> _DATA PROVIDED_

- - - -

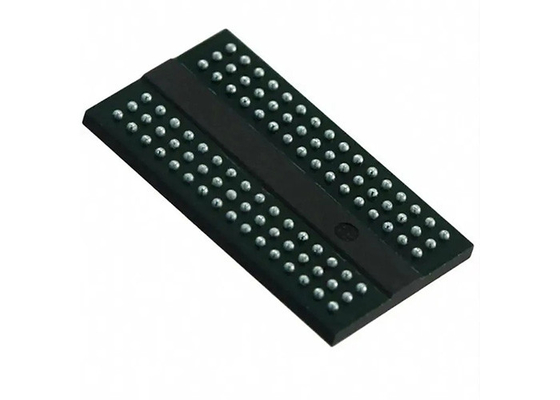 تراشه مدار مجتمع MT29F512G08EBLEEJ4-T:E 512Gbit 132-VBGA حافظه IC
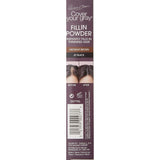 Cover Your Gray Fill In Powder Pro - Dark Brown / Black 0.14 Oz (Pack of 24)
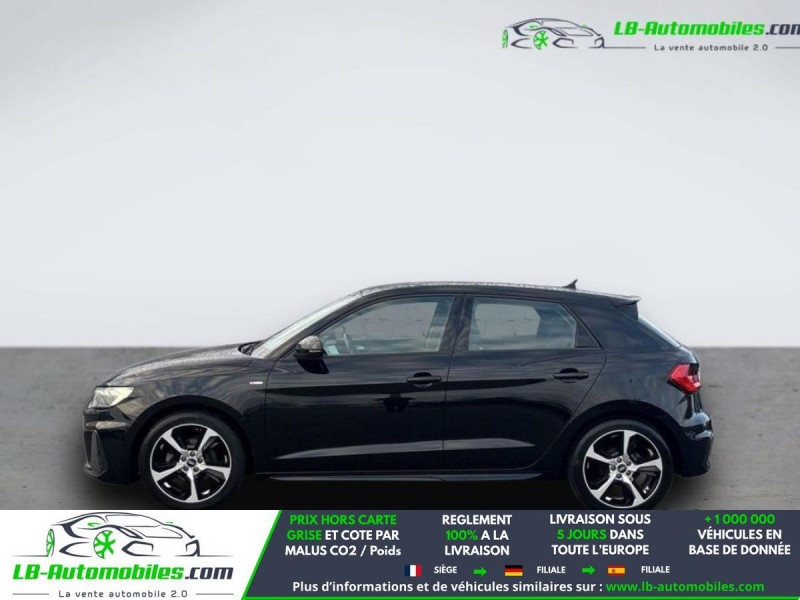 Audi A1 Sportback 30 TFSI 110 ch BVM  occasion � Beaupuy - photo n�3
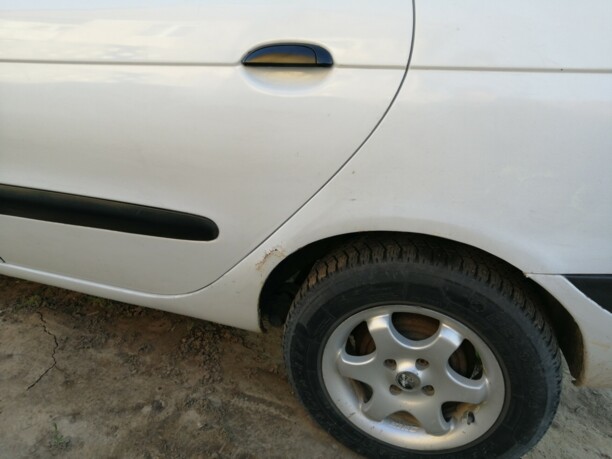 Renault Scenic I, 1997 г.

- - - -

> _PROBLEM TO WORK ON_
With pictures omitted, reproduce exactly the lines from the line containing "Audi A1 Sportback" through the end of the data above.

> _TASK OUTPUT_
 Audi A1 Sportback 30 TFSI 110 ch BVM  occasion � Beaupuy - photo n�3
 Renault Scenic I, 1997 г.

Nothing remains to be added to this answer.